**TASK**
Each line below needs to be repeated precisely as it is.

**MATERIAL FOR THIS TASK**
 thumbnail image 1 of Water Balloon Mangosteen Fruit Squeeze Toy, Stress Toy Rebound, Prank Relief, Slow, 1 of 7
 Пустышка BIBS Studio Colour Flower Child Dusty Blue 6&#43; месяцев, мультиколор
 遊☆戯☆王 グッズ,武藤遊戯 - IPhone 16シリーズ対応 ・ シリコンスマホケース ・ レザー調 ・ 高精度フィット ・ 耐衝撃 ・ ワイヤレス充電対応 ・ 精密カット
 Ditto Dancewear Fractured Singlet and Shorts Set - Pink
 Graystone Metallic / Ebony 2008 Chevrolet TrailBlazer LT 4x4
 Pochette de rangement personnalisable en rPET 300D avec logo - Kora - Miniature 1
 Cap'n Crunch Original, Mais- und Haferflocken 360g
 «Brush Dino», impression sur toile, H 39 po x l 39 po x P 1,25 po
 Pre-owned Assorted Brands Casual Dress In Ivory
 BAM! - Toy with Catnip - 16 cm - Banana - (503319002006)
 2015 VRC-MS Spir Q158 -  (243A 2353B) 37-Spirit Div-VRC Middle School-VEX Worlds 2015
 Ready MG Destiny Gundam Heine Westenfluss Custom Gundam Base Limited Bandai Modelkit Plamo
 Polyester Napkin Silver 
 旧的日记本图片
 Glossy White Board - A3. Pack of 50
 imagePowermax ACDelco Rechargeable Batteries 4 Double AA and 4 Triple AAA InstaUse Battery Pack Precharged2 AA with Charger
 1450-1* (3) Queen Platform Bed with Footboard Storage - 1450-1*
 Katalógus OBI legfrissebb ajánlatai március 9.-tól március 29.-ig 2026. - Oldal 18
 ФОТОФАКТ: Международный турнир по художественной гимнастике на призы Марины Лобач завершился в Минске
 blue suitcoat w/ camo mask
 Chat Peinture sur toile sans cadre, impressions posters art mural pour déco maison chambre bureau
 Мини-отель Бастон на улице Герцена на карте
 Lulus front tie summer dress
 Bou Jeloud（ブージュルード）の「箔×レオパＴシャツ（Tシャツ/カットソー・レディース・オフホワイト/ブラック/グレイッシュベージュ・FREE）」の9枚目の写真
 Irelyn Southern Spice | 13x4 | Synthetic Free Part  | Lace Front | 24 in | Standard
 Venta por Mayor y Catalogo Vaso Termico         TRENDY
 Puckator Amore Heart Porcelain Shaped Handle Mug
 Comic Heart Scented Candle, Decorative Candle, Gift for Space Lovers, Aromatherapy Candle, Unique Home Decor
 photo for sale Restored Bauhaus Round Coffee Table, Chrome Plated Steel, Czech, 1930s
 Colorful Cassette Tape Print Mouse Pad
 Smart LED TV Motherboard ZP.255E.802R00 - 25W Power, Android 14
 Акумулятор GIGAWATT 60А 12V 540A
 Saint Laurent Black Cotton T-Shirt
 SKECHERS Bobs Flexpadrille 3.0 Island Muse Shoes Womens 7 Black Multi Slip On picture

**EXERCISE ANSWER**
 thumbnail image 1 of Water Balloon Mangosteen Fruit Squeeze Toy, Stress Toy Rebound, Prank Relief, Slow, 1 of 7
 Пустышка BIBS Studio Colour Flower Child Dusty Blue 6&#43; месяцев, мультиколор
 遊☆戯☆王 グッズ,武藤遊戯 - IPhone 16シリーズ対応 ・ シリコンスマホケース ・ レザー調 ・ 高精度フィット ・ 耐衝撃 ・ ワイヤレス充電対応 ・ 精密カット
 Ditto Dancewear Fractured Singlet and Shorts Set - Pink
 Graystone Metallic / Ebony 2008 Chevrolet TrailBlazer LT 4x4
 Pochette de rangement personnalisable en rPET 300D avec logo - Kora - Miniature 1
 Cap'n Crunch Original, Mais- und Haferflocken 360g
 «Brush Dino», impression sur toile, H 39 po x l 39 po x P 1,25 po
 Pre-owned Assorted Brands Casual Dress In Ivory
 BAM! - Toy with Catnip - 16 cm - Banana - (503319002006)
 2015 VRC-MS Spir Q158 -  (243A 2353B) 37-Spirit Div-VRC Middle School-VEX Worlds 2015
 Ready MG Destiny Gundam Heine Westenfluss Custom Gundam Base Limited Bandai Modelkit Plamo
 Polyester Napkin Silver 
 旧的日记本图片
 Glossy White Board - A3. Pack of 50
 imagePowermax ACDelco Rechargeable Batteries 4 Double AA and 4 Triple AAA InstaUse Battery Pack Precharged2 AA with Charger
 1450-1* (3) Queen Platform Bed with Footboard Storage - 1450-1*
 Katalógus OBI legfrissebb ajánlatai március 9.-tól március 29.-ig 2026. - Oldal 18
 ФОТОФАКТ: Международный турнир по художественной гимнастике на призы Марины Лобач завершился в Минске
 blue suitcoat w/ camo mask
 Chat Peinture sur toile sans cadre, impressions posters art mural pour déco maison chambre bureau
 Мини-отель Бастон на улице Герцена на карте
 Lulus front tie summer dress
 Bou Jeloud（ブージュルード）の「箔×レオパＴシャツ（Tシャツ/カットソー・レディース・オフホワイト/ブラック/グレイッシュベージュ・FREE）」の9枚目の写真
 Irelyn Southern Spice | 13x4 | Synthetic Free Part  | Lace Front | 24 in | Standard
 Venta por Mayor y Catalogo Vaso Termico         TRENDY
 Puckator Amore Heart Porcelain Shaped Handle Mug
 Comic Heart Scented Candle, Decorative Candle, Gift for Space Lovers, Aromatherapy Candle, Unique Home Decor
 photo for sale Restored Bauhaus Round Coffee Table, Chrome Plated Steel, Czech, 1930s
 Colorful Cassette Tape Print Mouse Pad
 Smart LED TV Motherboard ZP.255E.802R00 - 25W Power, Android 14
 Акумулятор GIGAWATT 60А 12V 540A
 Saint Laurent Black Cotton T-Shirt
 SKECHERS Bobs Flexpadrille 3.0 Island Muse Shoes Womens 7 Black Multi Slip On picture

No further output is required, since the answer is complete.